Despite two decades of promises to reduce emissions, the inventory shows the country’s releases of climate-disrupting carbon pollution continued their post-recession rise in 2014. The department said the country’s aggregate 2014 GHG emissions were equivalent to 732 megatonnes of carbon dioxide—close to the 735-MT level the then-Conservative government reported to the United Nations would not be reached until seven years later, in 2020.

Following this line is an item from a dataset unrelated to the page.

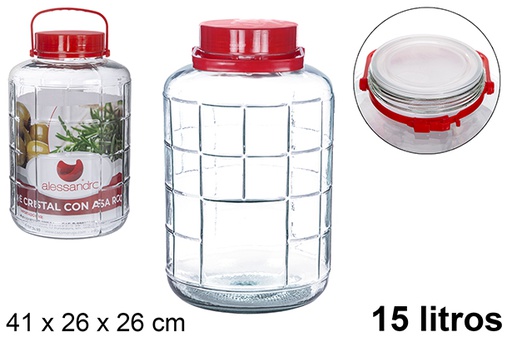 [100018] Bote cristal con asa roja 15 litros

Canada has made several greenhouse-gas commitments over the years, for varying degrees of reduction, relative to different years, to be achieved over different time frames. It formally renounced the first of those, made at Kyoto, in 2011. Its current target, established last May, is to cut emissions 30% below 2005 levels, to around 599 MT, by 2030.
The country’s emissions slipped to their lowest point since 1999 in the wake of the 2008 financial crisis, but have rebounded since. The newly-reported 2014 emissions were 0.8% higher than 2013’s 726 MT, and about 2% below the latest benchmark year of 2005.
“The energy sector made up 81% of Canada’s GHG emissions in 2014,” CBC reports, “with agriculture the next biggest sector at 8%.”
Earlier this year, the government projected that on current trends, GHG emissions will reach 768 MT by 2020—4% higher than the 2005 baseline of 736 MT. By 2030, Canada’s emissions are now expected to reach 815 MT, about 36% above the national commitment.
The United States’ GHG inventory for 2014 showed emissions increasing for the second year in a row, by about 1%, to 6,870 MT, Climate Progress reported.